When Drugs Don’t Work

By Medial Discovery News

July 14, 2012

 

 

Without the liver, many important medications would simply pass through the human body and not produce any effect. The liver is able to metabolize and break down drugs or chemically alter them so that they become active.

But people with certain genetic variations either process drugs more quickly or lack the ability to metabolize specific drugs. Patients who are unaware they possess such a genetic trait could face potentially fatal complications if their lives depend on the very drug their livers can’t process.

This problem comes up in patients who get cardiac stents. Since the 1990s, hundreds of thousands, if not millions, of Americans have had stents put in. It is a metal mesh tube that is inserted into a blocked artery, especially in heart attack victims, to keep the artery open. A drawback is that within months, the artery can close back up as scar tissue grows. To solve this problem, a new stent came on the market in 2008 that slowly releases medication to prevent tissue growth. Yet the enormously popular stent carries a big risk: clot formation. The body tends to respond to the bare metal as a foreign object and cover it with platelets, increasing the risk of a fatal heart attack or stroke.

To prevent this, patients are given blood thinners, such as Plavix (clopidogrel), for at least a year.  Studies have shown the drug greatly decreases a person’s risks for developing clots. However, a rather large percentage of people carry a genetic variation that does not metabolize Plavix, which means the drug won’t work.

Forty to 50 percent of people with Asian ancestry, 30 percent with African ancestry, and 25 percent with European ancestry can carry this genetic variation. Doctors usually do not know until a patient with a stent begins forming blood clots, and genetic testing for the variation takes days. Now a Canadian company, Spartan Biosciences, has developed a bedside gene test capable of detecting this gene variant.

This gene encodes a liver enzyme belonging to a family of enzymes called P450 that is important in processing drugs. Of the eight known variants of this gene, seven encode inactive versions of the enzyme. The new machine can screen patients for these variants in about an hour.

Tests done at hospitals show personnel are capable of using the machine with little training and results are quick. Spartan Biosciences is waiting for regulatory approval of its machine in Europe and America and hopes to have it in hospitals soon.

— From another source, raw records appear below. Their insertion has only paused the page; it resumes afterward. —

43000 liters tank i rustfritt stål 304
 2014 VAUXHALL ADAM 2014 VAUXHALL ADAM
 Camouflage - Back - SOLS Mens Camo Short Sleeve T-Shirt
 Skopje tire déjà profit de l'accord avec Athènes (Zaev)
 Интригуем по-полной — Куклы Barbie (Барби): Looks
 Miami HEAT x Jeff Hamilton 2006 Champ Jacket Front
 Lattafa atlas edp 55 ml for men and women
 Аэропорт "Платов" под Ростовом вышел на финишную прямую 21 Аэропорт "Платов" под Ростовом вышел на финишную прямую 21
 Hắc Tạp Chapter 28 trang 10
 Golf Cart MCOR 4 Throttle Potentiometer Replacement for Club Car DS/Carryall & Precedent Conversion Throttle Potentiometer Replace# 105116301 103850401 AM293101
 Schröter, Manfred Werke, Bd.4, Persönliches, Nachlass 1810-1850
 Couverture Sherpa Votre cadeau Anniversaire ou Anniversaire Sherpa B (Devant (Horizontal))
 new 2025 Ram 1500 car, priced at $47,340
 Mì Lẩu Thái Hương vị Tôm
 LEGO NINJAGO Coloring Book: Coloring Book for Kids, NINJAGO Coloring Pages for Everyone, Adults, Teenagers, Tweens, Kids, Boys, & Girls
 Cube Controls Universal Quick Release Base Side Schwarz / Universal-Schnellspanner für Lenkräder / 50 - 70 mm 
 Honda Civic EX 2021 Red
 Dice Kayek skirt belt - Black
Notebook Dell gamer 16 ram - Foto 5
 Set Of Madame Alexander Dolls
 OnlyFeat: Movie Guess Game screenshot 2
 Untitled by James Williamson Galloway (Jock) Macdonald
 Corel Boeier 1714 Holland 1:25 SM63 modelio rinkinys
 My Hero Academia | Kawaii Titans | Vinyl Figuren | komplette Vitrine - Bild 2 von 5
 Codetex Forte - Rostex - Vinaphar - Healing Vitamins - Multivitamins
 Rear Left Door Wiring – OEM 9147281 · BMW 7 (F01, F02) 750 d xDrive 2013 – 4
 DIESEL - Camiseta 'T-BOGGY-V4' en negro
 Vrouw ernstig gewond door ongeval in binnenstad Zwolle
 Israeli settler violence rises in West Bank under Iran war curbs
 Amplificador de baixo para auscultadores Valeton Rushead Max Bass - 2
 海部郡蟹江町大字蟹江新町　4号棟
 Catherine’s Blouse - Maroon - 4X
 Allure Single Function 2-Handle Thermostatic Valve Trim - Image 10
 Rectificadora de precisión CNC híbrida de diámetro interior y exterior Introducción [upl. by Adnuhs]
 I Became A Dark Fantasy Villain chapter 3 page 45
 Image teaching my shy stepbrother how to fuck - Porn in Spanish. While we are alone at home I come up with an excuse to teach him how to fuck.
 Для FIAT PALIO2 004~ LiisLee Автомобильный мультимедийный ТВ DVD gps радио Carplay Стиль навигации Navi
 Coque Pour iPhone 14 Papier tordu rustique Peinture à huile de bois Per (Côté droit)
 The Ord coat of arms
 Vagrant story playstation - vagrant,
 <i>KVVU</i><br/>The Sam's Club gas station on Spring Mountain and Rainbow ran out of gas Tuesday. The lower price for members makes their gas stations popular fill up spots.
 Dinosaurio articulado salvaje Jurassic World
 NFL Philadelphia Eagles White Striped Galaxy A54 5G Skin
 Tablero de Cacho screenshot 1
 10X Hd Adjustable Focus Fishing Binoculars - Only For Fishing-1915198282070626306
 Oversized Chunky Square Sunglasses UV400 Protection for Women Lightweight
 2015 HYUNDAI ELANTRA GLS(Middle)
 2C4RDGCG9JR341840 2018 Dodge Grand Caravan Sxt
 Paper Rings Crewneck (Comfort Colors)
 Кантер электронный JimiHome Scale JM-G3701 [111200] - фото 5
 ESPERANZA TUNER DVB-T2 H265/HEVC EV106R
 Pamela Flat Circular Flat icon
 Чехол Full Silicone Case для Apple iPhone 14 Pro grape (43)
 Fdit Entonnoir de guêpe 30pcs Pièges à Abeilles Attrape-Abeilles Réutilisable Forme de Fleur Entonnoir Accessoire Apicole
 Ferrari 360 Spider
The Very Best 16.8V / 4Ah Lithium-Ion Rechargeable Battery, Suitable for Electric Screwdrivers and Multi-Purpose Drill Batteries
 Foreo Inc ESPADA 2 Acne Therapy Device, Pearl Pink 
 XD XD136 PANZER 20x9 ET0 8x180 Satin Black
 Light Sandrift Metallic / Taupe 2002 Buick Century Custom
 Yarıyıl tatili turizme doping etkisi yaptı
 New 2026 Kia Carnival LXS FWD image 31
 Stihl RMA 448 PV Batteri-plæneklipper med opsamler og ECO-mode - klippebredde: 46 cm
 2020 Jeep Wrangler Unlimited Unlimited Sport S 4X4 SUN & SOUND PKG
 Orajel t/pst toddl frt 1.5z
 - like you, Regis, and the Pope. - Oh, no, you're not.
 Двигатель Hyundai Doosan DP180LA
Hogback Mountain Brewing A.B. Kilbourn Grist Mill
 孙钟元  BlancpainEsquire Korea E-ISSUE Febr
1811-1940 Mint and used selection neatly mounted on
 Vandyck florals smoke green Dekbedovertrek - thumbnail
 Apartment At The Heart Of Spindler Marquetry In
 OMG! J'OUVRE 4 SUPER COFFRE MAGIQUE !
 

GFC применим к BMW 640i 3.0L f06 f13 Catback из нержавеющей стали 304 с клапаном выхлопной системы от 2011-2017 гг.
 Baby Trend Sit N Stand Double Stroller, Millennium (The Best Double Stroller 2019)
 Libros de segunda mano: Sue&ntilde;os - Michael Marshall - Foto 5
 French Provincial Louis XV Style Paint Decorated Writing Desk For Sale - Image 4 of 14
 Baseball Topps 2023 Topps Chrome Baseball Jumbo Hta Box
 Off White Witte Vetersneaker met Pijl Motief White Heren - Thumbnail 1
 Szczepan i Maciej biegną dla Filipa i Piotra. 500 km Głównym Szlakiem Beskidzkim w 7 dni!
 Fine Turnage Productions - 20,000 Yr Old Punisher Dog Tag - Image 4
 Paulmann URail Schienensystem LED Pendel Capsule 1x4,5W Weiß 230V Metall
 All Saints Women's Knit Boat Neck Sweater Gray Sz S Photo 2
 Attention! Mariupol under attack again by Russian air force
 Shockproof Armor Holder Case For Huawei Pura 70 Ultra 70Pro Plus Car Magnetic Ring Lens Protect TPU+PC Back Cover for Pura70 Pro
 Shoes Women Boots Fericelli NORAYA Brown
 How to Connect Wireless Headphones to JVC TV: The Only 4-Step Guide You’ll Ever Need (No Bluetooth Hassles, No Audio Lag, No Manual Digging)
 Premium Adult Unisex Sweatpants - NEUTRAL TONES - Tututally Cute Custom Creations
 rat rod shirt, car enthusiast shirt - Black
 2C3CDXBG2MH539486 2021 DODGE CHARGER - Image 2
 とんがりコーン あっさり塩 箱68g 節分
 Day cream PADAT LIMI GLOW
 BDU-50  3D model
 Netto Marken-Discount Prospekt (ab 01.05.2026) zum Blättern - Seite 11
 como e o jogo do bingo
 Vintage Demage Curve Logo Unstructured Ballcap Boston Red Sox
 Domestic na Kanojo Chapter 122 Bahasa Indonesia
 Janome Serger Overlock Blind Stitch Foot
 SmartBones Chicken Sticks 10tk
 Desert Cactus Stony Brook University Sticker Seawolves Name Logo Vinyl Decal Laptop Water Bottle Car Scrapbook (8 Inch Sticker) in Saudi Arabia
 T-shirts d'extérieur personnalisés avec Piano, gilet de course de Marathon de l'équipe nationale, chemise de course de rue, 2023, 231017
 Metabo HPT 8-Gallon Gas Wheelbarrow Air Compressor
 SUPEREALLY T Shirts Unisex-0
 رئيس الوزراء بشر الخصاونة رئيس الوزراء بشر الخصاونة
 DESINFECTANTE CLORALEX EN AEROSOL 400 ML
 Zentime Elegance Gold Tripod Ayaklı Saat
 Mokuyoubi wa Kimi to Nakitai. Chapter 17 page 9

The company will give away the machine but charge about $200 per test.

The company is also exploring other applications for their technology, including determining drug resistance patterns of a bacterial superbug, methicillin-resistant Staphylococcus aureus (MRSA), and hereditary resistance to standard Hepatitis C treatments. This is likely only the beginning of bedside genetic testing. Ultimately, entire human genomes could be sequenced and analyzed next to the patient, helping doctors practice  personalized medicine.